Wednesday, 20 June 2018

Joint Oireachtas Committee on Children and Youth Affairs

HIQA Report: Engagement with Tusla

2:00 pm

Dr. Aisling Gillen:

Yes, I would be delighted to do so. As Mr. McBride said, I lead the prevention, partnership and family support programme. Around 2013, within the Health Service Executive as it was at the time, we set out a question for ourselves and brought in people like the chief executive of Barnados, representatives of the Daughters of Charity and the chief executive of Pobal. Senior managers in the HSE asked what was needed to really advance family support services. As a result, our prevention, partnership and family support programme was born. It comprises a number of strands. Supporting parenting is the core business for all of us. Our business is supporting parents across the continuum of care. Sometimes it is providing top-up advice and support that we all need as parents. That support leads to mandating in the supervision of parents in more difficulty, for example, at the top end of the continuum. There is our corporate parenting piece, our children in care piece. We act in loco parentisfor over 6,000 children who are in the care of the State.
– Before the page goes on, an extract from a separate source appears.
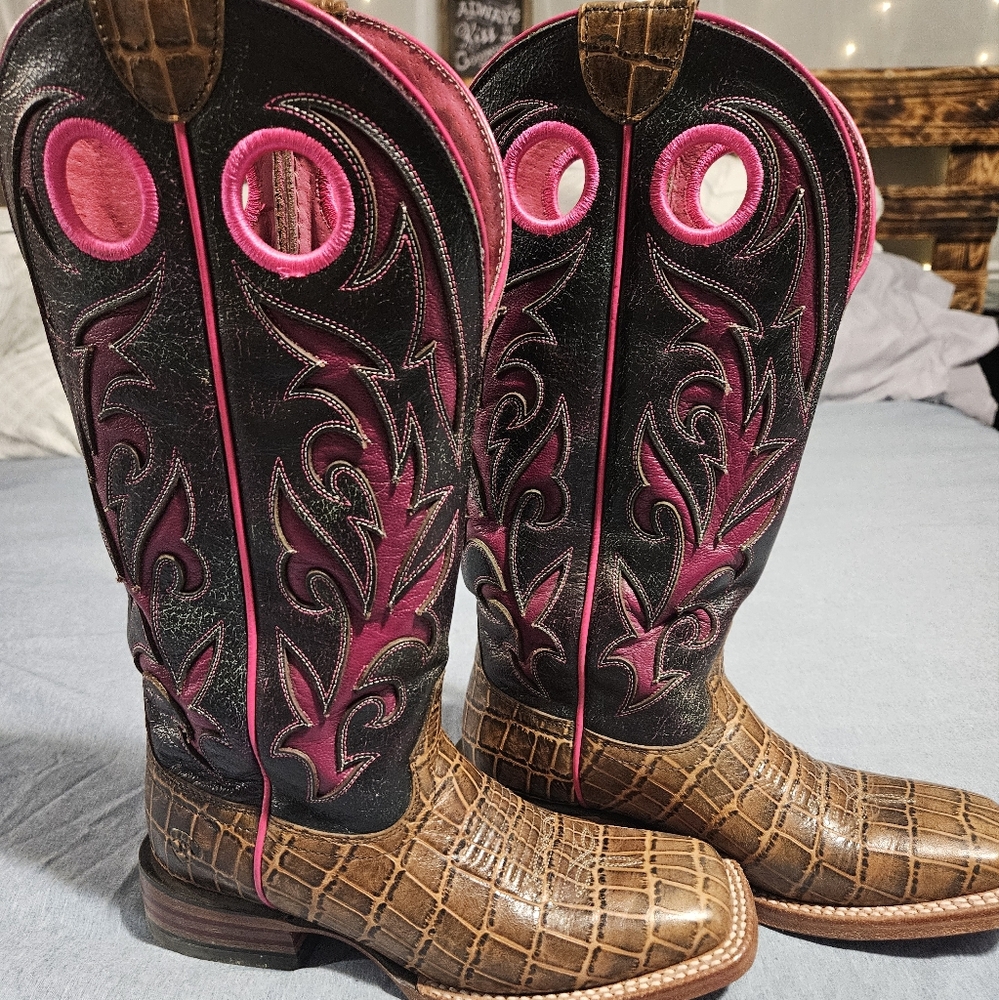 Ariat boots - Picture 2 of 4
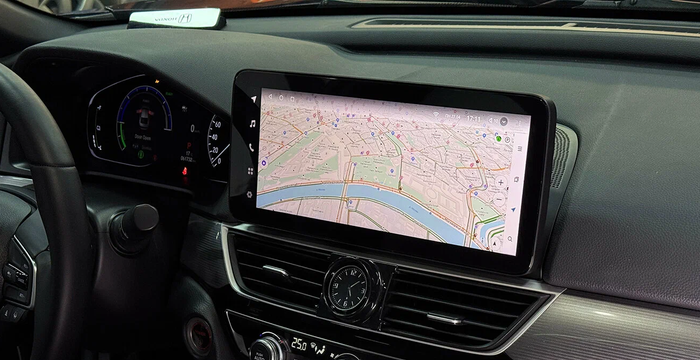 Магнитола для Honda Accord 10 2017-2023 - Kuberg монитор 12.3" в стиле MERCEDES на Android 13, Быстрая, CarPlay, 4G SIM-слот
In identifying what supporting parents means across the continuum of care and the evidence that tells us how best to support them, parenting 24/7 is a set of key messages based around four practitioners. If one is working with parents across the life cycle of a child and in different circumstances, what do we need to think about? For example, fathers matter. When I sit in on a case conference, I must ensure the voice of the father is heard in the room also.

My colleague has mentioned participation. There is a strand of work associated with it. We have trained 1,300 staff across the country in participatory practice with children and young people. In such training the child is put at the centre of decision-making in their own lives. Children are encouraged to be part of the decision-making process in how we design, develop, deliver and evaluate our services. We have many such examples.

Another piece is our area-based approach - the prevention, partnership and family support programme. As part of the continuum of services that Mr. Quinlan articulated, we have established within Tusla an early intervention pathway. We have put in place senior managers for prevention, partnership and family support within the 17 area management structures. Below them we have senior co-ordinators and co-ordinators who have established 99 child and family support networks across the country. We operate Meitheal, our early identification of need and practical help tool. We have many examples of parents who have stood out publicly. One striking example of success is a non-national lady who came to the country with her husband. Unfortunately, he left her with three very young children and no money. She was living in a flat complex that was burned out and ended up in homeless services, which was good because she ended up back in our services. she has been part of the Meitheal process for the past two years. When she came to the country, she could not speak English, but now she can. Her children are doing well and she is accessing training and employment.

Our high prevention piece is our creative community alternative whereby we work very hard to keep in the community children who are on the edge of care and children who are in care. That means that we view the child in the context of the family and the community.